Eckford became known as one of the “Little Rock Nine” and their story became a symbolic moment in the Civil Rights movement. Film director Sonia Lowman was working on an exhibit commemorating the Little Rock Nine at the Lowell Milken Center for Unsung Heroes in Fort Scott, Kan., two years ago when she had an idea. She had no film making experience, but she wanted to direct a documentary about how even after 60 years the inequities in the nation’s school systems were still prevalent. The film, “Teach Us All” is set to premiere Sept. 25 on Netflix, and will be shown at theaters throughout the country in the coming weeks. At least 25 people attached to the Arkansas education system, including Eckford were interviewed for the film. (See the trailer at the end of this report.)
“Here we are 60 years later and the community is still divided,” Lowman told Talk Business & Politics. “It’s very tragic we can’t get our act together.”
The Little Rock Nine is at the heart of the film. It chronicles how schools across the country are “resegregating.” Different ethnic groups tend to live in specific neighborhoods and sections of cities, meaning school districts are becoming predominately white, or filled with minorities. The minority communities tend to be located in economically disadvantaged areas, and public schools are largely funded by property taxes.
Children from more affluent families live in more affluent areas, and property tax collections are much higher, Lowman said. Those schools receive more money and can afford to pay better teachers, and provide better learning experiences. The net effect is that poorer schools get inexperienced teachers, and those students are in most need of better teachers. Affluent children’s parents can afford tutors and other devices to improve their child’s education, while many black and Latino’s only real shot at an education is strictly through the public school system and those teachers are critical, she said.
“As a society we’re spending the most money where it’s least needed and the least money where it’s most needed. … A teacher can absolutely change a student’s life,” she said.
Lowman partnered with Little Rock-based Noble Impact, a non-profit organization that provides disadvantaged students with a broader educational experience they might not otherwise receive at home or through the school system. Noble Impact CEO Eric Wilson told Talk Business & Politics his organization assists 1,700 students in six different school districts in Arkansas. The goal is to provide them with the fundamental tools to become entrepreneurs, and help to train them for careers that don’t even exist at the moment, he said. Many of these students don’t get to meet business or political leaders, and they don’t have a hands-on way of understanding how these real-world systems work, he said.

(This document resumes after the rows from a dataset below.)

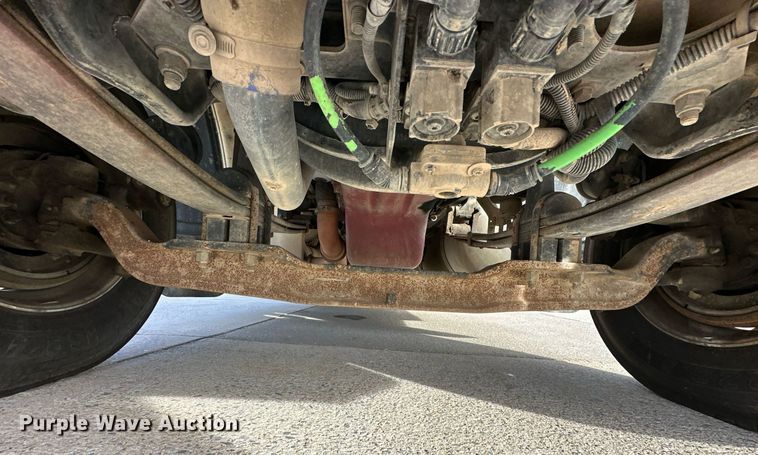 image for item DT6517 2013 Peterbilt 388 semi truck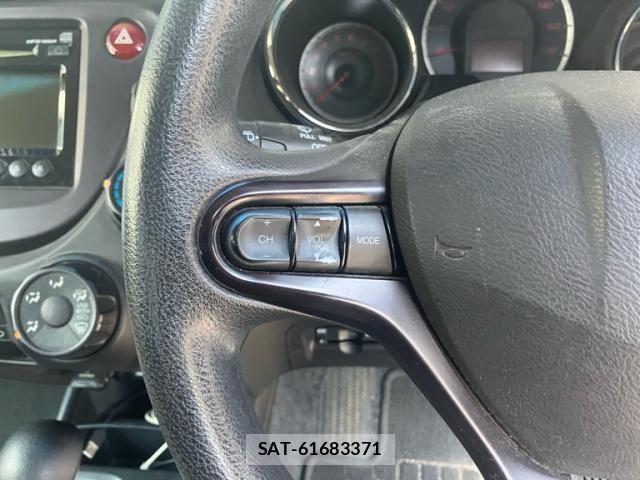 Honda FIT 2011-12 8412433-13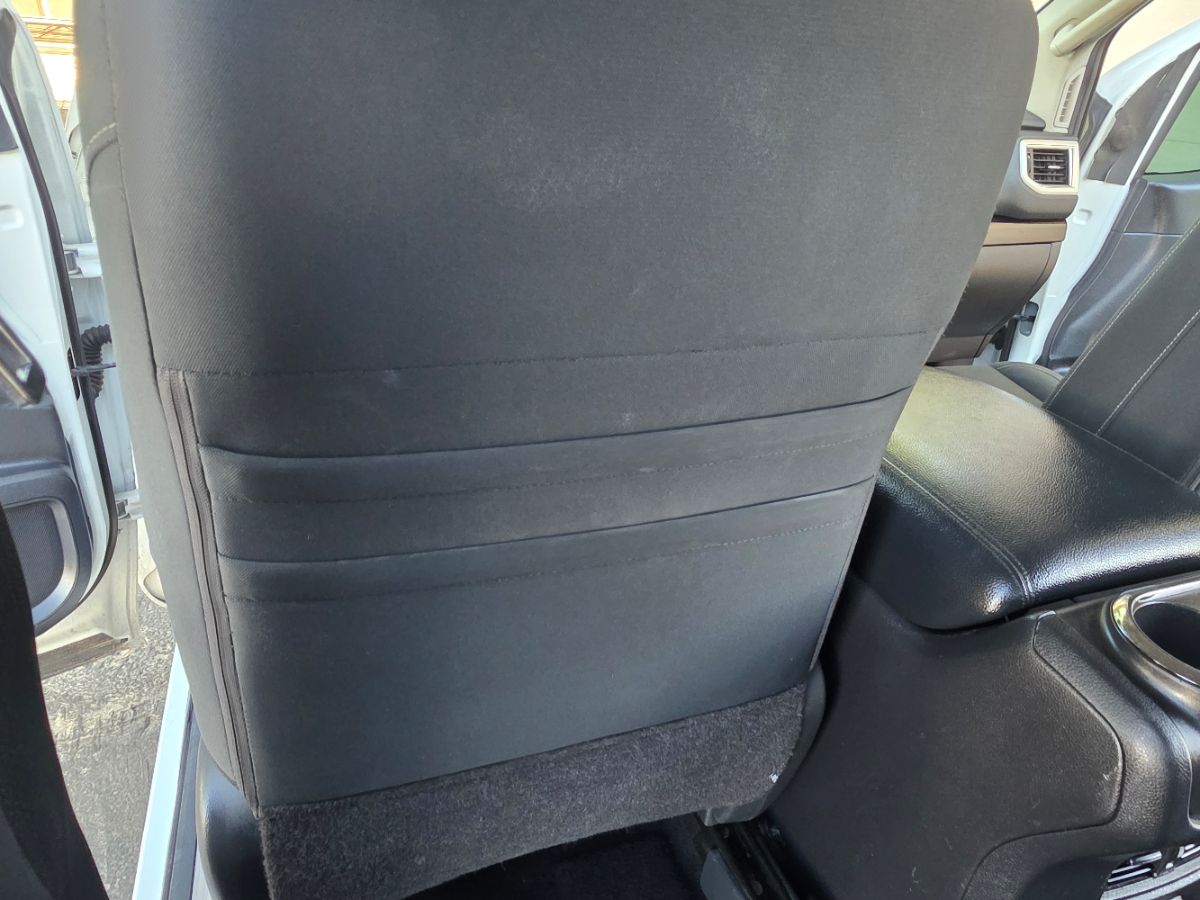 2018 Nissan Titan SV photo 23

“We’re preparing students to be entrepreneurs and business leaders … everyone knows inequality is a problem,” he said.
Students and administrators in the Noble Impact system took part in Lowman’s film. One major problem in education is students are never at the table when decisions are made, Lowman said. Students add a critical perspective that is often lost on their adult counterparts, she said.
The consequences of inaction could be grim.
In Los Angles alone, society spends about $230,000 per year incarcerating a juvenile and only $9,000 per year educating each child. About one in three black males will spend time in prison, as will one in six Latinos. The United States spends billions of dollars each year to deal with the long-range consequences of a maligned education system, and its time for a new approach, Lowman said. Those consequences include mass incarceration, low paying jobs, more people on welfare programs, and others.
“We need to quit spending so much money on the negative consequences of a poor education and fix the problem,” she said.
Changing the system will be a monumental task, she said. Many politicians and leaders in positions of power have no incentive to change the system because their families are secure. While many agree on the fundamental issues, there’s a sort of “turf war” between school districts, parents, lawmakers, and others that surprised Lowman as the film was made.
Beyond the experiences, and financial components that need to be corrected in the educational system, there is another problem with the resegregation of our students, she said. Students from different ethnic backgrounds have fewer and fewer interactions, and there is less understanding about problems between these different groups. The way national political parties have aligned in the last couple of decades is one of the clearest signs we don’t understand each other’s perspectives or ways of life, she said.
“Our students need a voice more than anything,” she said. “It’s a serious issue that impacts everybody.”